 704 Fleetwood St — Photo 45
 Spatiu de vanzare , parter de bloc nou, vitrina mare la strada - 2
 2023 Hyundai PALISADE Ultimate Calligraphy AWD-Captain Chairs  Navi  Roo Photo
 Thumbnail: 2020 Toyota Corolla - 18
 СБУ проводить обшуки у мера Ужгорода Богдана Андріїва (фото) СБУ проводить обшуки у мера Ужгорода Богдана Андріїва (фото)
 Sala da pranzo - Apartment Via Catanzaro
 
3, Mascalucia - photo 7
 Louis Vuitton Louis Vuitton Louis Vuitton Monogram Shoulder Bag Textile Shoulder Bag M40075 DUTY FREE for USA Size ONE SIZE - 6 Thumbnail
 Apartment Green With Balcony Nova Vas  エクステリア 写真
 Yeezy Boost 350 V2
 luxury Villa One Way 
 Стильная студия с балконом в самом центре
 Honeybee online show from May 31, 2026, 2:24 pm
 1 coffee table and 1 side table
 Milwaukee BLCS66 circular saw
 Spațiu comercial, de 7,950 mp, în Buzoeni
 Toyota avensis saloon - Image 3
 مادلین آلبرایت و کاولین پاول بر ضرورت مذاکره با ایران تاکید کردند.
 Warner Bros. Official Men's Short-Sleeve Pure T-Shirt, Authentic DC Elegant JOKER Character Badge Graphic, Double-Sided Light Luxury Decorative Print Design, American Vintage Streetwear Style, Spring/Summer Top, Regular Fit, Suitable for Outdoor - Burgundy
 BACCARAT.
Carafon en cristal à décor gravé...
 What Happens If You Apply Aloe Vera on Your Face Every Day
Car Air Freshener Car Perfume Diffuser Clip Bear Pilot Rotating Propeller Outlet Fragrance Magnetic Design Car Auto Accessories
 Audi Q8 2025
=-=-=-=-=
_WORK REQUIRED_.
Please copy the line that contains "مادلین آلبرایت و" and each line after it through the end of the records, exactly, and no other lines.

_THE COMPLETED TASK_.
 مادلین آلبرایت و کاولین پاول بر ضرورت مذاکره با ایران تاکید کردند.
 Warner Bros. Official Men's Short-Sleeve Pure T-Shirt, Authentic DC Elegant JOKER Character Badge Graphic, Double-Sided Light Luxury Decorative Print Design, American Vintage Streetwear Style, Spring/Summer Top, Regular Fit, Suitable for Outdoor - Burgundy
 BACCARAT.
Carafon en cristal à décor gravé...
 What Happens If You Apply Aloe Vera on Your Face Every Day
Car Air Freshener Car Perfume Diffuser Clip Bear Pilot Rotating Propeller Outlet Fragrance Magnetic Design Car Auto Accessories
 Audi Q8 2025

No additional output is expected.